ALPER TURGUT
“Avrupa Yakası”nda başarıyla canlandırdığı “Kubilay” ve “Gülenay” tiplemeleriyle ekranlarımızı şenlendiren ve istisnasız hepimizi kahkahaya boğan Vural Çelik, başrolünü üstlendiği “Bayrampaşa: Ben Fazla Kalmayacağım” filmiyle beyazperdeye de sıkıca tutunduğunu ispatlamıştı. Komedyenken drama yeteneği de keşfeden Vural Çelik ile geçmişten geleceğe bir zaman yolculuğu yaptık. Lafın kısası; dişiyle tırnağıyla kazıyarak, sıfırdan zirveye çıkan bir adamı tanıtacağız sizlere… En hızlı kirlenen sektörde, her şeye karşın ayakta kalma mücadelesi verdiğini unutmayarak.
(Alper Turgut ve Vural Çelik)
—Oyuncu olmak bugün hemen herkesin rüyası… Peki, sizin öykünüz nedir?

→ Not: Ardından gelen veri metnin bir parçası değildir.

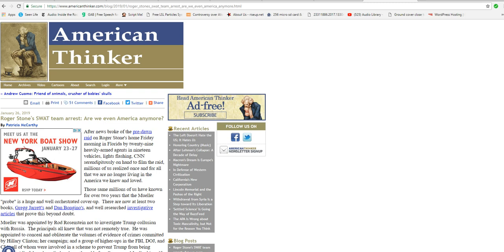Now, interestingly enough, the communism news network was there on hand to film the arrest, which means they were tipped off by Mueller, who needs to be arrested himself. President Trump, you must fire Robert Mueller immediately. You have to fire him. There's no choice now.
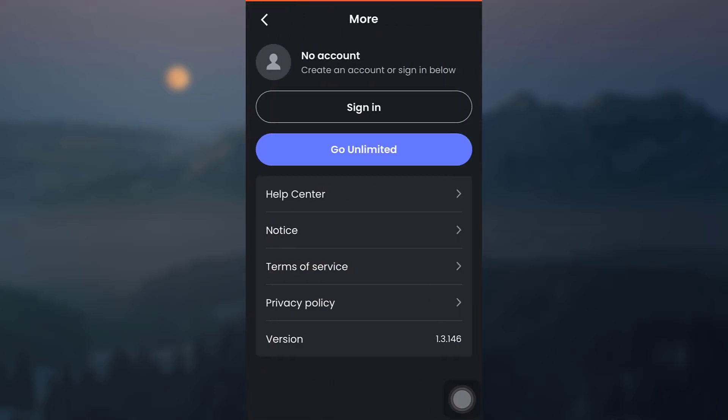After you tap on the profile icon, you can either create an account or sign in through this following procedure. You can see a sign in button. Tap on the sign in button.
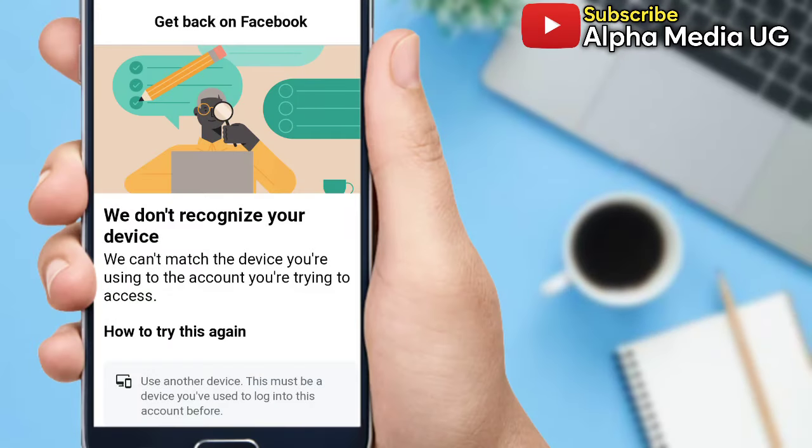How to fix 'We don't recognize your device' on Facebook when you're trying to recover your Facebook account is what I'll be taking you through in this video.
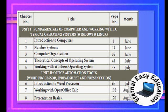The first unit is very easy — you can study it and score marks. Even if some chapters seem harder, overall the 10th standard level content here is easy to learn. Moving to the 2nd unit: Introduction to Word Processing, Working with Open Office, and Presentation Basics — covering Word, Excel, and PowerPoint.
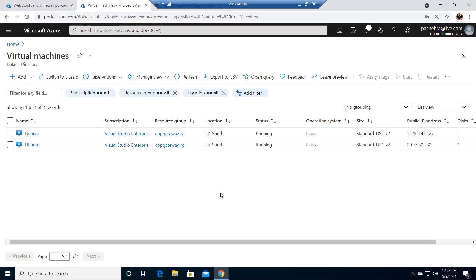Hello everyone, welcome back. In this lab, we are going to create the application gateway with WAF v2 as our SKU or tier. We'll see that particular lab and also try to customize a few rules and associate those Azure WAF rules to the application gateway. Let's get started.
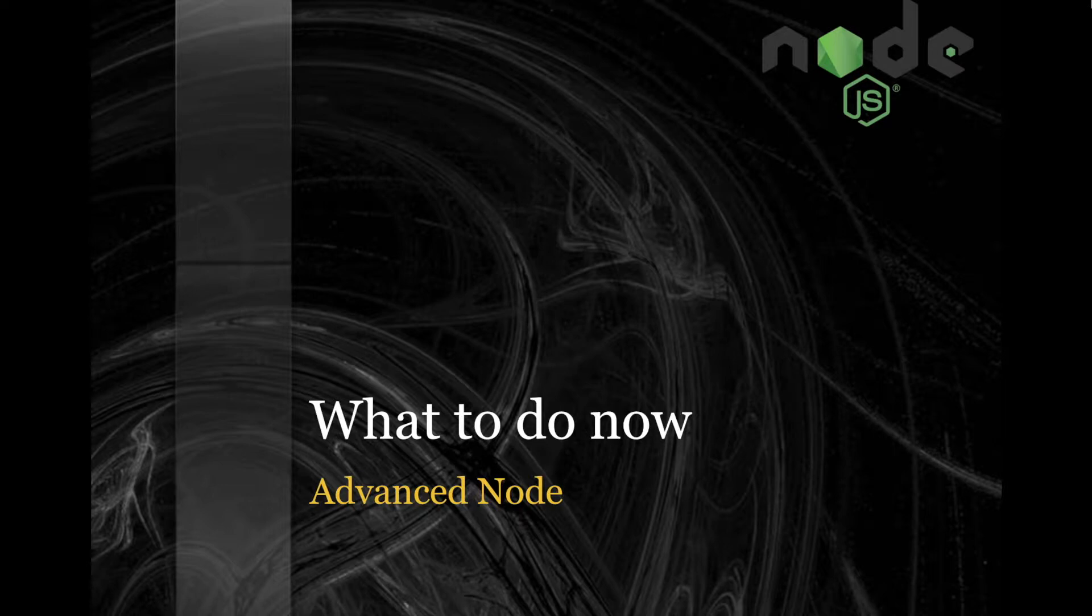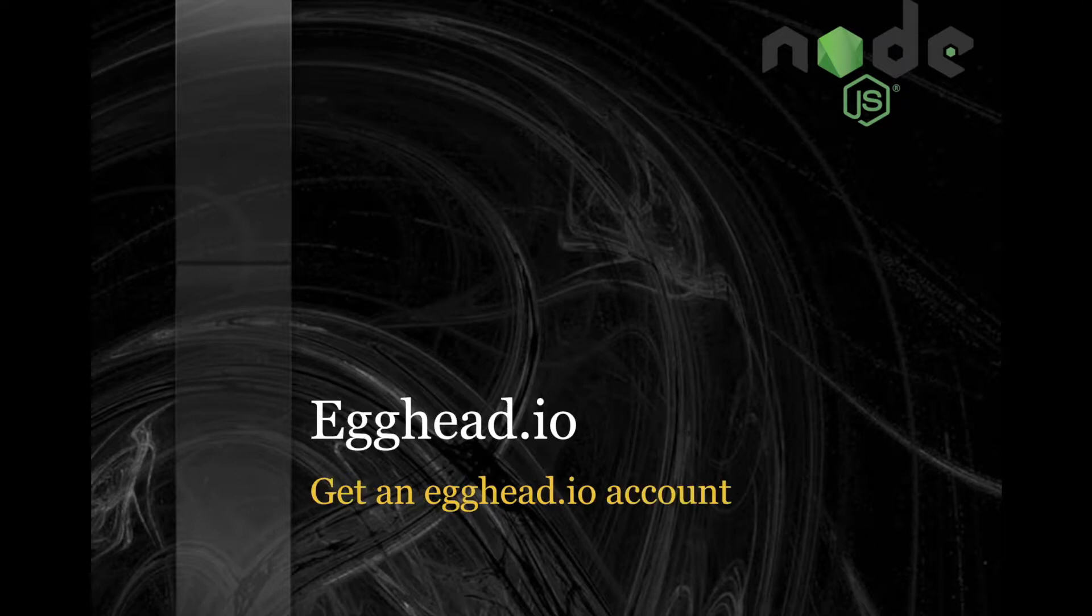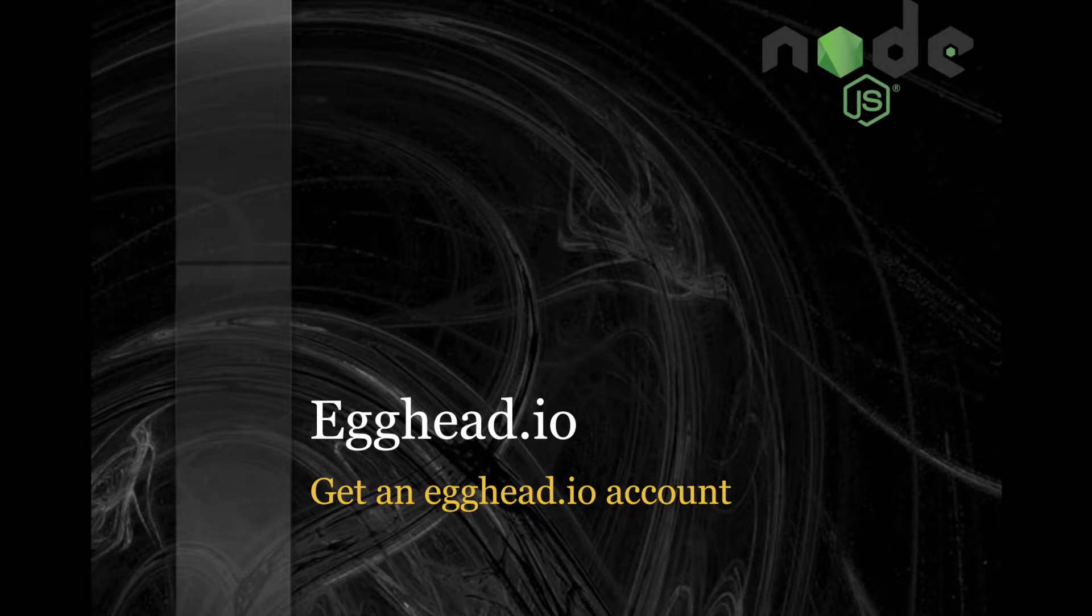Now you've finished the advanced course, I suggest that you head over to Egghead.io and get an account. They have some really nice videos there.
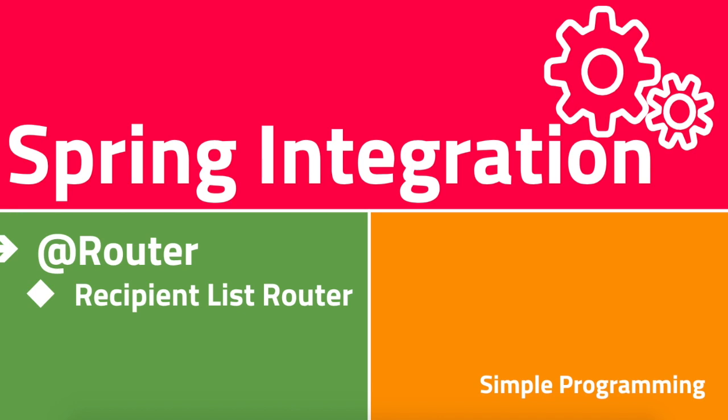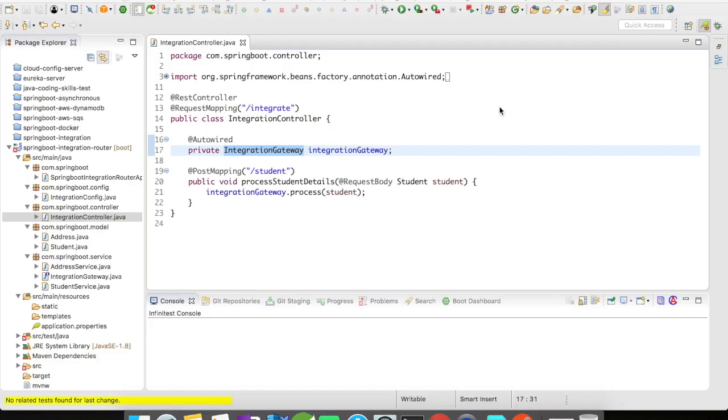You get a request and you forward that request to multiple systems parallelly. For this example, I've created a REST controller which is going to accept a student request body, and I have an integration gateway. That is our messaging gateway, and there is a process method signature which is going to act as a gateway, which is going to accept the student object and process it.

Ben çekirdekten yetiştim. Lisede okurken dahi yaptığım taklitlerle insanları güldürürdüm. 1989 yılında Levent Kırca Tiyatrosu, gazete ilanıyla oyuncu arıyordu. Sinan Bengier’e başvurdum ve “ben yetişmek istiyorum” dedim. Tiyatroya kabul edilmiştim. “Gereği Düşünüldü” oyunu esnasında sahne temizliğinden dekora kadar hemen her görevi üstlendim. Bir kış ayıydı hiç unutmam, “Hangi Yüzle” oyunun dekoru için buz gibi çadırda spot ışıklarının altında ısınmaya çalışıyordum. Sonra “Olacak O Kadar” zamanında irili ufaklı rollerle oyunculuğa adım attım. Levent Kırca Tiyatrosu'ndan sonra Yasemin Yalçın'ın tiyatrosuna girdim. Sanat yönetmenimiz Selahattin Taşdöğen, bir gün beni Necati Akpınar'la tanıştırdı. Ve ben sahne sevdasına hoşça kal deyip, menajerlik ve organizatörlük yapmaya başladım. Menajerliğini yaptığım isimler arasında Nejat Uygur, Yasemin Yalçın, Cem Yılmaz ve Ata Demirer de vardı. Uzun zaman oyunculuktan uzak kaldım ardından Yılmaz Ağabey (Erdoğan) ve Necati Akpınar’ın Beşiktaş Kültür Merkezi’ni (BKM) kurmasıyla rüyama tekrar kavuştum.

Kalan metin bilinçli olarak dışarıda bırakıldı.